Condemnation of the fundamentalist ideologies of the Taliban and the Islamic State (ISIS) will contribute greatly to equality and freedom throughout the world, the Turkey-based Women’s Platform for Equality (EŞİK) said in a letter to the United Nations, calling for an end to what they called the Taliban’s gender apartheid regime on the anniversary of the Taliban takeover of Afghanistan in 2021.
When the Taliban first took control of the country with the withdrawal of US troops in August 2021, they attempted to garner international support, EŞİK said, by pretending to backtrack on their severe policies regarding women’s rights. “But they forgot their promises within the month, turning the country back into a prison for women and girls.”
The Taliban has “banned virtually any breathing room at all” for women and girls in Afghanistan, they said.
EŞİK called for support for an international campaign as outlined in Karima Bennoune’s report entitled ‘The International Obligation to Counter Gender Apartheid in Afghanistan’, and called for international action to end the “special war against women” in the country, as well as an end to direct and indirect support for the Taliban regime.
The platform, made up of a diverse range of women’s movements, also demanded further inclusion of views by women’s rights defenders in Afghanistan as well as Afghan women in the diaspora.

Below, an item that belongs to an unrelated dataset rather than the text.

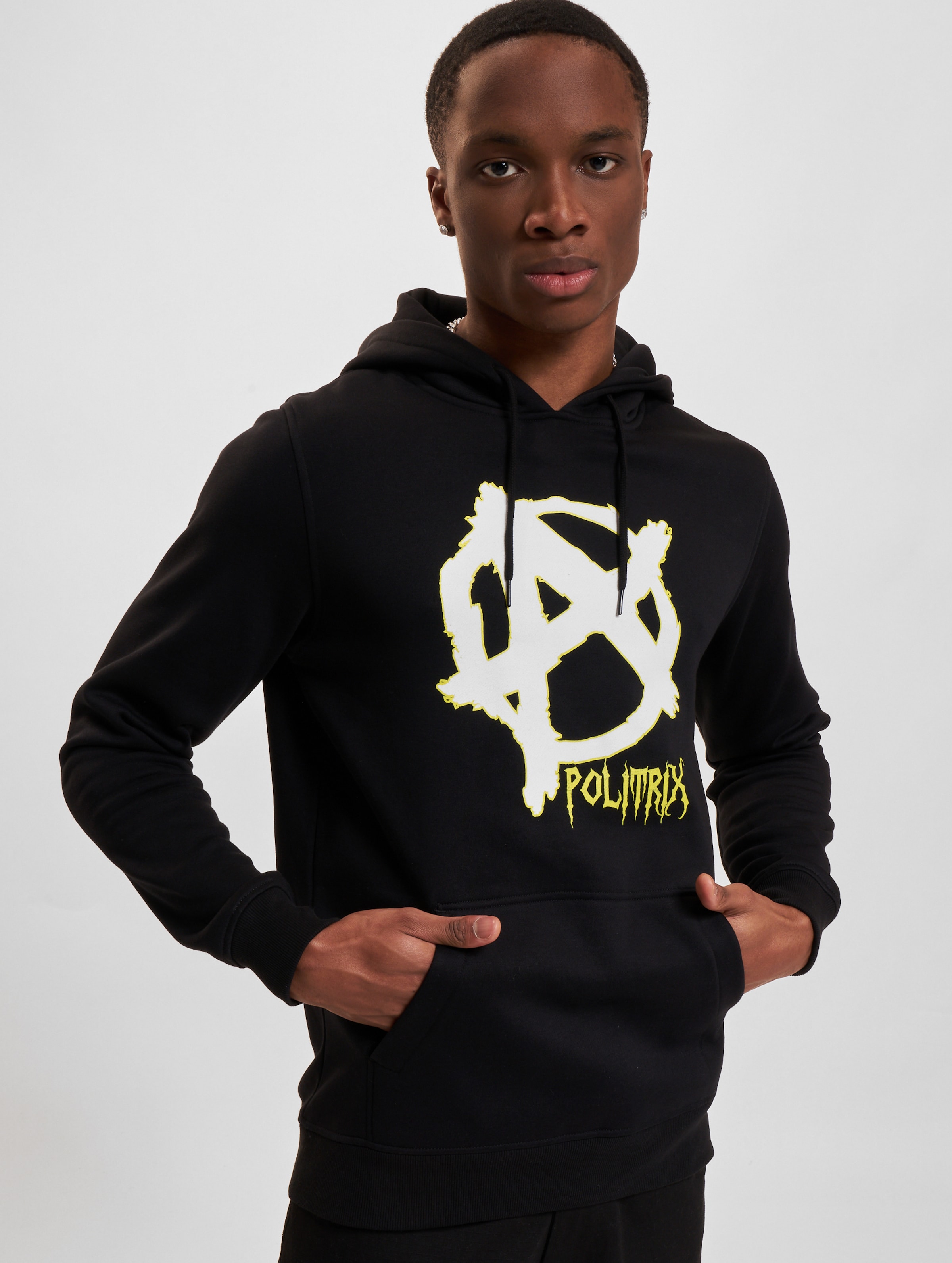 Mister Tee Politrix Hoody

“As women from Turkey, we salute the resistance of women from Afghanistan, and reiterate that we will never give up on our right to live free of violence in a secular and democratic country,” EŞİK said.
The Taliban’s restrictions on women and girls include the prohibition of work and education, the removal of all legal mechanisms to protect women against domestic violence, the mandatory covering of women’s bodies and faces, and bans on travel, exercise and driving, among other things.
“We know the misogyny experienced in Afghanistan and in many countries in our immediate vicinity as well as throughout the world will be ended by the united fight by women everywhere,” EŞİK said.